- Ben düşmanım, benim gibisinden bir çare olmaz... Eğri gider, sana düşmanlık ederim.
- من عدوم چاره نبود کز منی ** کژ روم با تو نمایم دشمنی
- Kurttan bekçilik istemek doğru bir şey değildir... Bir şeyi bulunmadığı yerde aramak, aramamak demektir.
- حارسی از گرگ جستن شرط نیست ** جستن از غیر محل ناجستنیست
- Hiç şüphe etme ki ben sana düşmanım... Senin yolunu keserim ben, nasıl olur da sana yol gösteririm? 1975
- من ترا بیهیچ شکی دشمنم ** من ترا کی ره نمایم ره زنم
- Kim dostlarla düşer kalkarsa külhanda bile olsa gül bahçesindedir...
- هر که باشد همنشین دوستان ** هست در گلخن میان بوستان
- Fakat zamanede düşmanla düşüp kalkan gül bahçesinde bile olsa külhandadır!
- هر که با دشمن نشیند در زمن ** هست او در بوستان در گولخن
- Biz, ben diye varlığa düşerek dostu incitme de kimse, düşmanın olmasın!
- دوست را مازار از ما و منت ** تا نگردد دوست خصم و دشمنت
- Allah için halka hayır yap yahut kendi canın için herkese hayırda bulun da.
- خیر کن با خلق بهر ایزدت ** یا برای راحت جان خودت
- Daima gözüne dost görünsün... Gönlüne kin yüzünden çirkin suretler gelmesin! 1980
- تا هماره دوست بینی در نظر ** در دلت ناید ز کین ناخوش صور
- Fakat birisine düşmanlıkta bulundun mu ondan çekin... Seni seven bir dostla görüş, danışacağını ona danış!

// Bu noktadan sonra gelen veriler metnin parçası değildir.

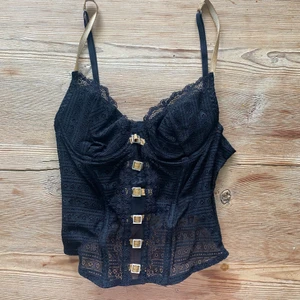 Korsett topp vintage y2k - Superfin korsett topp som tyvärr inte passar mig!! Uppskattad storlek 75B.                                                           🦋💞skickad spårbart, samfraktar vid köp av flera plagg! Tveka inte på att höra av dig vid fler frågor!💞🦋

- چونک کردی دشمنی پرهیز کن ** مشورت با یار مهرانگیز کن
- Adam dedi ki: Ey iyi kişi, biliyorum seni... Sen benim eski düşmanımsın.
- گفت میدانم ترا ای بوالحسن ** که توی دیرینه دشمندار من
- Fakat akıllı ve manevi bir adamsın; aklın eğri gitmeme razı olmaz.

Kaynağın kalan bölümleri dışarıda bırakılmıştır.